* **WORK INSTRUCTION**:
Throughout the entries below, report every line where "office" is found.

* **LISTED RECORDS**:
════════
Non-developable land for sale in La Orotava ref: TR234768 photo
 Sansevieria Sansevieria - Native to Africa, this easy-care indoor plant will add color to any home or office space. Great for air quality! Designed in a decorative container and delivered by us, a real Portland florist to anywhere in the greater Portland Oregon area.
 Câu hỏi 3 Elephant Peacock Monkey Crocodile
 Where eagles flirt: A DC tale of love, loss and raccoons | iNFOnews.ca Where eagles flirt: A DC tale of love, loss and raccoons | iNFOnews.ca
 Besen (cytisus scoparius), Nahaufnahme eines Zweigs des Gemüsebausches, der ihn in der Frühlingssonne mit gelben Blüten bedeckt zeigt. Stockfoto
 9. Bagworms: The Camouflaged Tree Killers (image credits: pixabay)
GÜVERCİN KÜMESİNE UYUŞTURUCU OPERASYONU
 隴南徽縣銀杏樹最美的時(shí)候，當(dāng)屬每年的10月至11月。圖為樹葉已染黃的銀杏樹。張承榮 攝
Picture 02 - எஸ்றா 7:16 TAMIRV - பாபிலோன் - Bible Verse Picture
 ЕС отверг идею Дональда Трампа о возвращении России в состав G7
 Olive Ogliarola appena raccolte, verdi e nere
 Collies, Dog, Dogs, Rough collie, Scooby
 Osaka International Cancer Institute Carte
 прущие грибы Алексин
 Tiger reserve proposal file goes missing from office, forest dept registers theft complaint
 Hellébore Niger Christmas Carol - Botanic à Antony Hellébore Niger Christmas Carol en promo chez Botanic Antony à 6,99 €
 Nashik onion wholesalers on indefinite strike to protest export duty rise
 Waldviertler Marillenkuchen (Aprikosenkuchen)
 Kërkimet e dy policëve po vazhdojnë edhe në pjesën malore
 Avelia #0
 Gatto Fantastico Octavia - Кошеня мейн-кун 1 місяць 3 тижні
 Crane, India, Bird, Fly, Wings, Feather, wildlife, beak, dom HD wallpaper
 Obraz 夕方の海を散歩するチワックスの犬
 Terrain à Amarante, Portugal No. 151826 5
════════
* **YOUR RESPONSE**:
 Sansevieria Sansevieria - Native to Africa, this easy-care indoor plant will add color to any home or office space. Great for air quality! Designed in a decorative container and delivered by us, a real Portland florist to anywhere in the greater Portland Oregon area.
 Tiger reserve proposal file goes missing from office, forest dept registers theft complaint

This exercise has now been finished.